Does the port even support (lol) input? If anyone has any success with getting it to work with input, please tell me everything you can, and I'll work it from there.

----------


## oxman

Same question. Thanks for your interest.

----------


## isantop

To my knowledge, there aren't any consumer-level graphics chipsets that support HDMI input. None of ours do.

----------


## hamstap85

> To my knowledge, there aren't any consumer-level graphics chipsets that support HDMI input. None of ours do.
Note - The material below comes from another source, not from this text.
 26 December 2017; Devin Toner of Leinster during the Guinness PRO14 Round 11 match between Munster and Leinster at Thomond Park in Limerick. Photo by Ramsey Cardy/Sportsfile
Then what does that line in the hardinfo report I was referring to mean?

----------


## vanhenryjr

so the HDMI is output only?

dang, was hoping to input my kodak playsport movies.

----------


## kend650

I second that question, the HDMI jack is for output only????

Then how do I record video in?

----------


## Lee_Machine

I thought about doing this with my PS3 a long time ago. Unless you have a video card that supports HDMI input then it's not possible. The only video cards that support HDMI input are professional level video production workstation cards but there are exceptions. For example these:

http://www.blackmagic-design.com/products/

Now S76 likes using Clevo laptops and if they get this model they would have a laptop that supports HDMI input/output.

http://www.avadirect.com/gaming-lapt...asp?PRID=16237

I suggested S76 a long time ago that they need a "gaming" laptop, but with only officially supporting Ubuntu that would make too much since i guess.

**Just saw that said laptop has been discontinued and its replacement does not support HDMI input.**

----------


## Lee_Machine

Also most NVIDIA Quadro workstation video cards support HDMI input...again professional level cards  :Smile:

----------


## kend650

So, has anyone used the Blackmagic Design Intensity Shuttle for USB 3.0 with Ubuntu 11.10 to allow HDMI output from a DVR device to a usb 3.0 capable ubuntu laptop?  

If so, what ubuntu video editing software did you use?

Any other recommendations?

Thanks...

----------


## Lee_Machine

> So, has anyone used the Blackmagic Design Intensity Shuttle for USB 3.0 with Ubuntu 11.10 to allow HDMI output from a DVR device to a usb 3.0 capable ubuntu laptop?  
> 
> If so, what ubuntu video editing software did you use?
> 
> Any other recommendations?
> 
> Thanks...



 :LOL:  You might want to try asking those kinds of questions at,http://vimeo.com/groups/cinelerra or the official web site at http://cinelerra.org/.

----------


## kend650

Thanks for the suggestion.  I tried to post to that forum, but couldn't find anywhere to submit a new question.

----------


## hamstap85

Marking as solved since *isantop* answered my question.

----------